=== Scraped caption text data ===
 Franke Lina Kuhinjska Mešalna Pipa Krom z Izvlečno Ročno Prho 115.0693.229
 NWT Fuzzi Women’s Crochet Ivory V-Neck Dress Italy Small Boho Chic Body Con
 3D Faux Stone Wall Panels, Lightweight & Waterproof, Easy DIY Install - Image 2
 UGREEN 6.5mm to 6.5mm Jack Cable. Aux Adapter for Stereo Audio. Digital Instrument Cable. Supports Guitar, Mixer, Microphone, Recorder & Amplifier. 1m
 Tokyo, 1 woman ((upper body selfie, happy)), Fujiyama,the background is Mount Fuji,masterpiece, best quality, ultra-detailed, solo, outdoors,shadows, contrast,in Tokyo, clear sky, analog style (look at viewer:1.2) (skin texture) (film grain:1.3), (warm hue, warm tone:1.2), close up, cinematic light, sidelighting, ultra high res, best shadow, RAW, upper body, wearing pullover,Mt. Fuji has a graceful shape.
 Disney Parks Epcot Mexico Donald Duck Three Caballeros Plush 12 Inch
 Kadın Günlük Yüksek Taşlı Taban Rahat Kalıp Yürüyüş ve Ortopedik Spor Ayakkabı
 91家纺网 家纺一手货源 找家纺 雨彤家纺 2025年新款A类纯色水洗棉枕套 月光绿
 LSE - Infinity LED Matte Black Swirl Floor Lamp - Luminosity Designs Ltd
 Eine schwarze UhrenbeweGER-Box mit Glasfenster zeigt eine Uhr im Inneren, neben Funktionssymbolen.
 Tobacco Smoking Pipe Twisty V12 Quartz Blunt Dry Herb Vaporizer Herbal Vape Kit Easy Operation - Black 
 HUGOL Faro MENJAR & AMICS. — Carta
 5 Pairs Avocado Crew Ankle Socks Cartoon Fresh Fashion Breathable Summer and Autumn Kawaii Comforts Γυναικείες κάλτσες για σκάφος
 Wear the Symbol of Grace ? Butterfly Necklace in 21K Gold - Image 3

=== Task details ===
Restate verbatim all lines from the start of the data through the line containing "UGREEN 6.5mm to", with both ends kept.

=== Your solution ===
 Franke Lina Kuhinjska Mešalna Pipa Krom z Izvlečno Ročno Prho 115.0693.229
 NWT Fuzzi Women’s Crochet Ivory V-Neck Dress Italy Small Boho Chic Body Con
 3D Faux Stone Wall Panels, Lightweight & Waterproof, Easy DIY Install - Image 2
 UGREEN 6.5mm to 6.5mm Jack Cable. Aux Adapter for Stereo Audio. Digital Instrument Cable. Supports Guitar, Mixer, Microphone, Recorder & Amplifier. 1m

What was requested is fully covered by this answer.